In 1977/78, I implemented TCPV2 for Unix on a PDP-11/40.  It was based 
on the TCPV2 code which Jim Mathis at SRI had already created for the 
LSI-11.   So most of the "state diagram", buffer management, and 
datagram handling were compatible with a PDP-11, with a lot of 
shoehorning to get it into the Unix environment (not easy on an 11/40).

Jim's code set the Retransmission timer at 3 seconds.  When I asked why, 
the answers revealed that no one really knew what it should be.  It also 
didn't matter much at the time, since the underlying ARPANET which 
carried most traffic delivered everything sent, in order, intact, and 
with no duplicates.  Gateways might drop datagrams, and did -- 
especially the ones interconnecting ARPANET to SATNET for 
intercontinental traffic.

SATNET involved a geosynchronous satellite, with delays of perhaps a 
good fraction of a second even under no load.  So 3 seconds seemed 
reasonable for RTO.   I left the RTO in my Unix implementation set to 3 
seconds.   We also closely monitored the "core gateways" to detect 
situations with high loss rates of datagrams; gateways had no choice but 
discarding packets when no buffers were available.  It happened a lot in 
the intercontinental path.

A lot of us TCPV2 implementers just picked 3 seconds, while waiting for 
further research to produce a better answer.  Subsequently VanJ and 
others thought about it a lot and invented schemes for adjusting TCP 
behavior, documented in numerous RFCs.

...

More than a decade later, I was involved in operating a corporate 
network, using TCPV4 and 100+ Cisco routers.  We used SNMP to monitor 
the network behavior.  Since we were also responsible for many of the 
"host" computers, we also monitored TCP behavior in the hosts, also by 
using SNMP.  Not all TCP implementations implemented that capability, 
but for some we could watch retransmissions, duplicates, checksum 
errors, and collect such data from inside the hosts' TCPs.

It became obvious that there was a wide range of implementation 
decisions that the various TCP implementers had made.  At one point, 
before Microsoft embraced TCP, there were more than 30 separate TCP 
implementations available just for use in PCs.  All sorts of companies 
were also marketing workstations to attach to the proliferating Ethernets.

We had to test our own software with each of these.   They exhibited 
quite varied behavior.  Some were optimized for fastest network 
transfers -- including one that accomplished that by violating part of 
the Ethernet specifications for timing, effectively stealing service 
from others on the LAN.  Others were optimized for minimizing load on 
the PC, either CPU or memory resources or both.
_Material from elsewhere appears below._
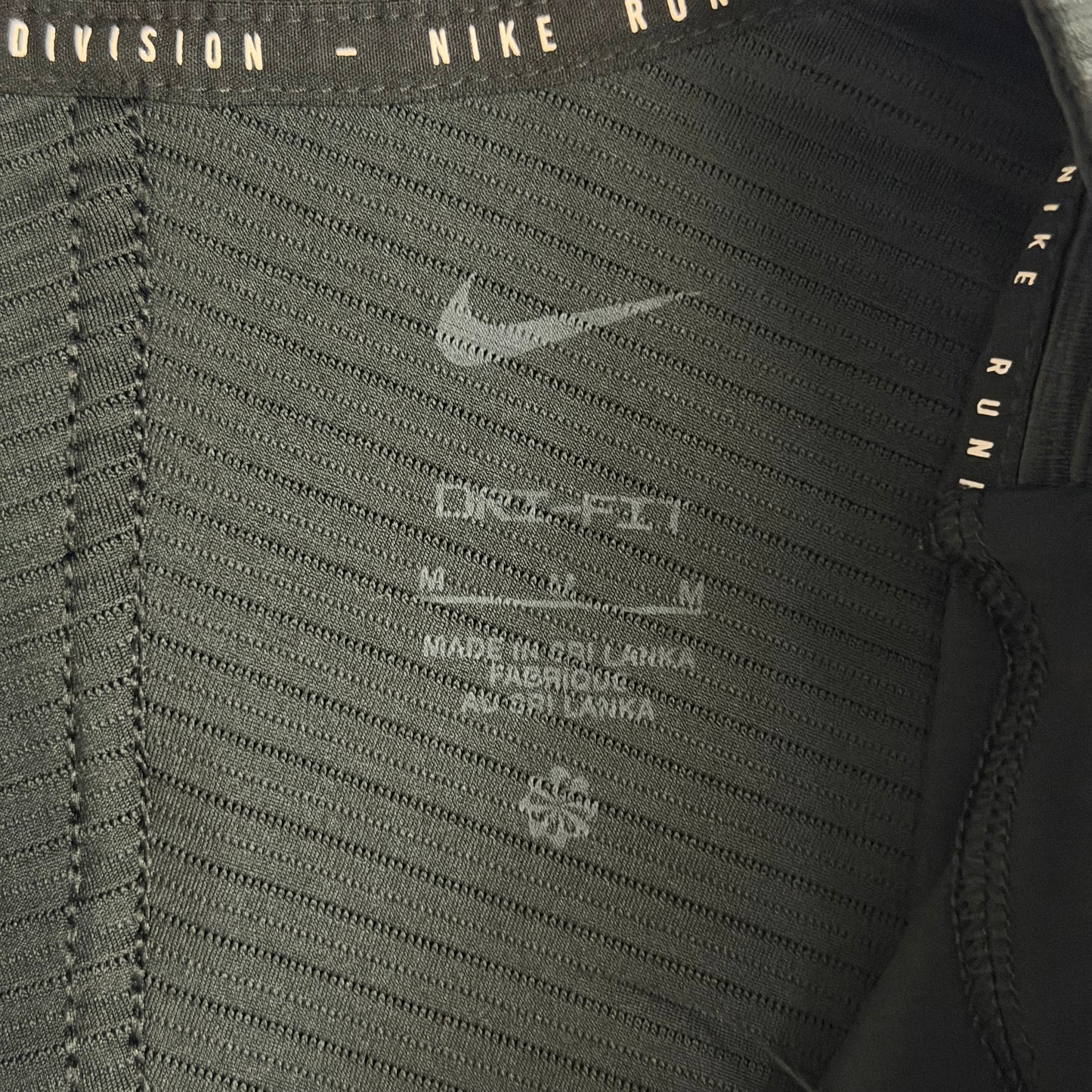 ENSEMBLE NIKE RUN DIVISION [S]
Some were optimized for 
simplicity -- I recall one which only accepted the "next" datagram for 
its current window, discarding anything else.  It was simple and took 
advantage of the fact that out-of-order datagrams it discarded would be 
retransmitted anyway.

All of these implementations "worked", in the sense that TCP traffic 
would flow.  We could observe their behavior by monitoring both the 
gateways (called routers by that time) and the TCPs in computers 
attached to our intranet.

Whether or not they were "legal" and conformed to the specifications and 
standards was unclear.   Marketing literature might say lots of things, 
but independent certification labs were scarce or non-existent.   Caveat 
emptor.

...

Fast forward to today.  My home LAN now has 50+ devices on it.   All of 
them presumably have implemented TCP.  I don't watch any of them.  I 
have no idea which algorithms, RFCs, standards, or optimizations each 
has chosen to implement.  Or if their implementation is correct.  Or 
"legal" in conforming to whatever the specifications are today.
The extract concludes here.